Denn die Buchsen dürfen nicht so eng sein, wie ein Maschinenbauer sie üblicherweise macht: weil sich ein Rumpf mit durchgesetzten Back- oder Achterstagen verzieht, das Buchsen-Material Wasser aufnimmt, also eine Idee quillt und die Ruderwelle dann schwergängig wird oder ganz klemmt. Der Teufel steckt auch hier im Detail. Ich habe mal eine Saison mit einer zu stramm auf der Welle sitzenden und daher im Koker drehenden Buchse gesegelt. War nicht schön, ging aber.
Mit 72 Millimetern für eine 70 mm Ruderwelle hatte die Fisksätra Werft es sich damals einfach gemacht. Zwei Millimeter Spiel klappern zwar, klemmen dafür nie.

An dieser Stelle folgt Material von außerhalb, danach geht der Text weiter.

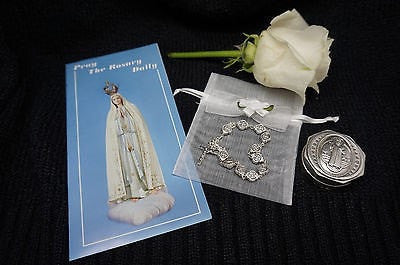 St Saint Benedict Bracelet, Bag and prayer - Unique Catholic Gifts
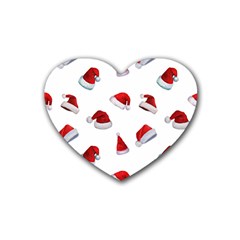 Red Christmas Hats Rubber Heart Coaster (4 Pack) by SychEva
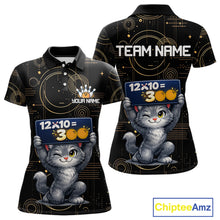 Load image into Gallery viewer, Custom Funny Cat Bowling Math Shirt Polo &amp; 1/4-Zip Bowling League Jersey Bowling Outfit for Women QZT927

Am Ruderkoker, das ist dieses durch das Schiff gesteckte Rohr, in dem die Ruderwelle zwischen den oben und unten sitzenden Buchsen rotiert, hatte die Schweden einen Schmiernippel angebracht, um den Hohlraum mit Fett zu versorgen. An Land abgestellt, lief das Fett das Ruderblatt hinunter. Eine unnötige Schweinerei, da Ruderlager aus selbstschmierendem Kunststoff gemacht sind, also keine zusätzliche Schmierung benötigen.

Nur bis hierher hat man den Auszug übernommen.